From The Inbox

From the Morning Read inbox

Woods warrants outsized attention

I would suggest that Tiger Woods to professional golf is much the same as Babe Ruth is to professional baseball. Babe Ruth died 70 years ago, and his name still comes up on a regular basis among Major League Baseball fans. Why? Because he delivered. Tiger Woods also delivered.

For those who find it annoying that Tiger Woods gets so much attention (“From the Morning Read inbox,” Jan. 29, http://bit.ly/2DKQqhg), I would suggest that they read an accounting of what he has accomplished in his career to date.
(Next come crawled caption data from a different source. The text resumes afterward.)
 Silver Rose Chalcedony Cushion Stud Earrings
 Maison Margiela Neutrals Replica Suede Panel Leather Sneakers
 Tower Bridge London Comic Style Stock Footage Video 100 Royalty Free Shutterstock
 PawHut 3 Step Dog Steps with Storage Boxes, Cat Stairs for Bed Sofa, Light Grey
Consider the records he has set, what he has contributed to golf and how he is responsible for the large number of talented young players working their way up the professional ranks.
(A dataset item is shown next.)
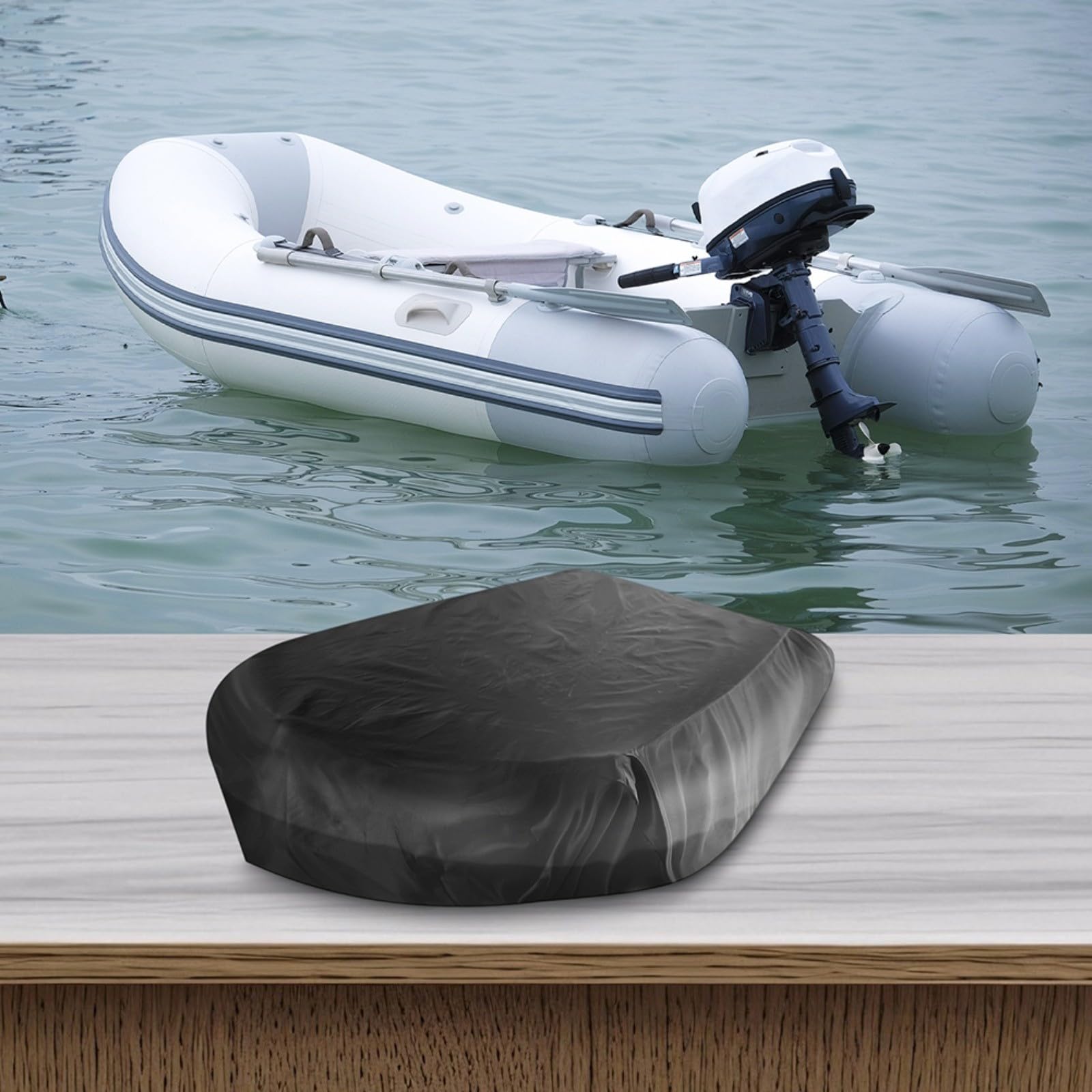 Telo protettivo gonfiabile Oxford 210D, impermeabile, resistente al sole, con coulisse di sicurezza, adatto per riporre gommoni, 470 x 210 x 46 cm, nero (420 x 210 x 46 cm)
I couldn't help but marvel at the size of the gallery following him on the hole farthest from the clubhouse on a weekday in the 2018 Farmers Insurance Open, even when he was struggling to make the cut. Why do you think all those people were following him?

The bottom line for the other players on the PGA Tour is quite simple: start winning the way Tiger Woods did and you will get all of the attention and press that you desire.
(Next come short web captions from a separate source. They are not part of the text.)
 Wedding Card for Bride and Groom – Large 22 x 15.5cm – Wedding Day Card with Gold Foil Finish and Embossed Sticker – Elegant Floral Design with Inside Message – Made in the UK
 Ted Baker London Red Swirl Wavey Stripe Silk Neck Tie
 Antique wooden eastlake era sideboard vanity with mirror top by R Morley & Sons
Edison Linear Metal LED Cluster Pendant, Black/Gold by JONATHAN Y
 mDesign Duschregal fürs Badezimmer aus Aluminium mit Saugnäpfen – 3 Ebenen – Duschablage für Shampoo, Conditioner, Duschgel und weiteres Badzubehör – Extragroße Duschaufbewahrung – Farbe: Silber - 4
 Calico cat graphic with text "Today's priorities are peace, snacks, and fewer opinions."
Tiger Woods gets all of the attention primarily because of golf ability. Nothing more.

Ron Yujuico
Euless, Texas

 

When Woods plays, awareness rises

There certainly are readers who don't care for Tiger Woods, for whatever their reason. That said, there were many people interested in the Farmers Insurance Open because Woods was playing.

I was in a restaurant as he was finishing on Friday, and the number of people rooting for him to make the cut was noticeable. Woods has inspired many of today's young American players. And I would bet that more people were interested in his performance than in who won. 

Bill Tignanelli
Perry Hall, Md.

 

Just get on with it

As I readied for bed here in the United Kingdom, I happened on the radio broadcast of the last few holes of the Farmers Insurance Open: Europe (Alex Noren) vs. Jason Day (Australia) vs. Ryan Palmer (USA), with an outside chance for J.B. Holmes to catch them. Noren is waiting to play to 18 and grab a chance of the birdie that would win his first PGA event, and he, and I, waited, and waited, and waited, while Holmes took four minutes to decide on his stroke and play the shot. 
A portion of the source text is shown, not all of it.